For columns with a few missing values, the easy way out is to fill with the mean/median. Of course there are more sophisticated ways of dealing with them (predicting their values with the other variables using regression) but let’s keep it simple for now:

# with mean
df[col].fillna(df[col].mean(), inplace=True)

# with median
df[col].fillna(df[col].median(), inplace=True)

# with mode
df[col].fillna(df[col].mode()[0], inplace=True)

Alternatively, you can fill them with values from another column.

df[col1].fillna(df[col2]) # fill null values in col1 with values from col2, in the same row.

df[col1] = df[col1].combine_first(df[col2]) # combines the columns. takes col1 first, then col2 if col1 is null

A third method is to fill them with a specific value, or from the previous value (forwardfill) or the next value (backfill).
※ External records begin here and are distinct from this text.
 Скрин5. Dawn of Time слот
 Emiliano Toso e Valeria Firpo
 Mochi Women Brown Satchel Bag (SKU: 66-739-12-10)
This makes sense for timeseries data (for other types of data it might not make sense since the values you fill in can change drastically if you just shuffle the order).

df.fillna(0) # fill all null values with 0
df.fillna('NA') # fill all null values with a string 'NA'
df.fillna(method='ffill') # forward fill. if backfill, replace with 'bfill'

Handling outliers

There are different methods to handling outliers:

1) Drop the entire row if you have sufficient data points to work with 2) Impute a new value if you think this is a data collection error; same methods as handling null values

These are very basic methods - read here for more sophisticated models.

Dealing with unwanted values

Dropping the entire row.

df.drop(df.index[2], inplace=True) # drops by index; [:3] works as well, drops top 3 rows.
df.drop(nameofrow, inplace=True) # drops by nameofrow

df[ df['col'] != 'testing' ] # only selects rows that are not 'testing'

Replace strings with null values.

df[col].replace('NAN', np.nan, inplace=True)

Replacing all of a type of value to another value

df[col] = df[col].map({'seventeen':17, 0:np.nan})

Replacing a value in one cell. For more info, see here

df.at['rowname', 'colname'] = 'newvalue' # this modifies df, and not just a copy of the df.

df.loc[df['col1'] == 3, 'col2'] = 6 # select row where col1 is 3, and change value of col2 (in that row) to 6.